Updating Global GIA

1 Introduction

In this study, we apply the Bayesian data assimilation model on updatding the global GIA process by using GPS data. We use the soluton from the ICE6G-VM5 model as our prior mean for the GIA process. The GPS data are processed into yearly vertical bedrock movement from a selected global network.

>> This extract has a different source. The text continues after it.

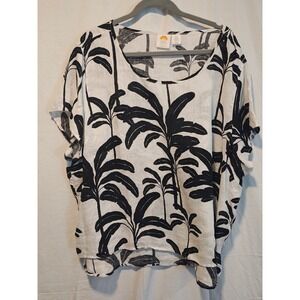 C&C California Womens Black White Palm Print‎ Linen Top Size 3X Beachy Caostal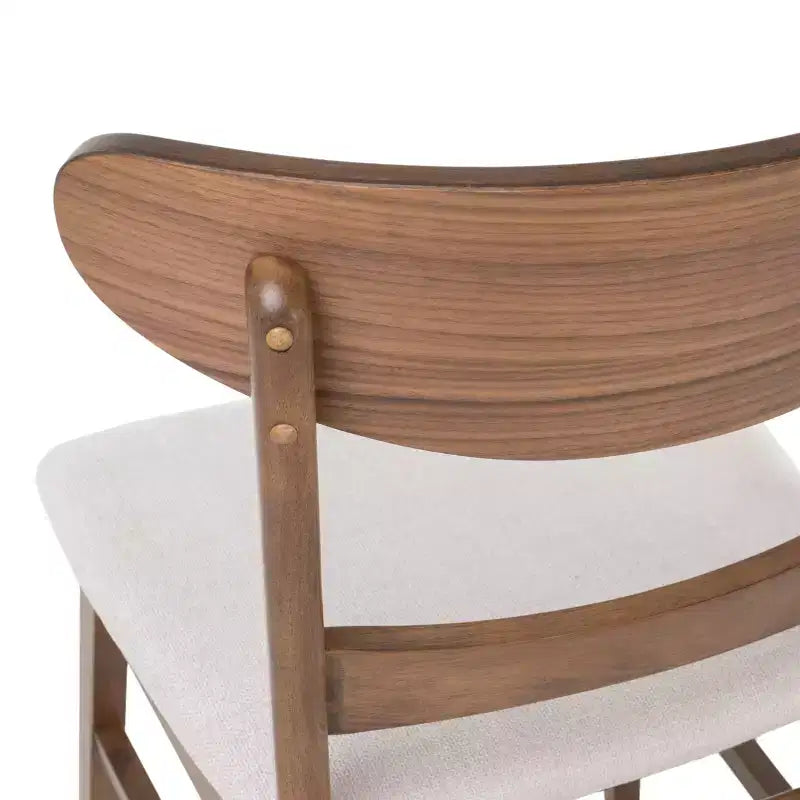 Mid Century Modern Fabric Upholstered Wood Dining Chair Set – Stylish Kitchen Chairs with Solid Wood Legs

Here we first assume the updating process is stationary on the sphere; then we remove the stationarity constraint by using the information of expert defined pseudo polygons where the GIA should be zero in theroy. Three different approaches are used in modelling the non-stationarity:

1. Use pseudo-polygon observations — Polygon observation

2. Use pseudo-polygons to define the subset where GIA can be modelled as stationary process — Subset model

3. Use psdeuo-polygons to define a mixture Gaussian process where the updating process has different spatial properties inside and outside of the pseudo-polygons — Mixture model

In the following, we demonstrate the all these four approaches and compare the results.

2 Data and prior

First we load the data and prior. Note that the ICE6G solution is given on a 1 degree grid. For any given location, we define the GIA prior to be the value of the grid in which the location falls; hence we set it as a spatial polygon data set.

## Load packages
library(sp); library(INLA); library(GEOmap)
source("functions.R")
source("functions-barriers-dt-models-march2017.R")

## Load data
## 1 Load GIA prior
ice6g <- read.table("Z:/WP2-SolidEarth/BHMinputs/GIA/GIA_Pel-6-VM5.txt", header = T)
polycoords <- ice6g[,c(6:13, 6,7)] 
plist <- lapply(ice6g$ID, 
                function(x) Polygons(list(Polygon(cbind(lon = as.numeric(polycoords[x, c(1,3,5,7,9)]), 
                                                        lat = as.numeric(polycoords[x, c(2,4,6,8,10)])))), ID = x))
Plist <- SpatialPolygons(plist, proj4string = CRS("+proj=longlat"))
## Note that in this data set the grid boundaries are defined on [-0.5, - 359.5] and the centre points on [0, 359].
## Corresponding transformation is needed in the following in geometery operations.

## 2 Load GPS data
GPSV4b <- read.table("Z:/WP2-SolidEarth/BHMinputs/GPS/GPS_v04b.txt", header = T)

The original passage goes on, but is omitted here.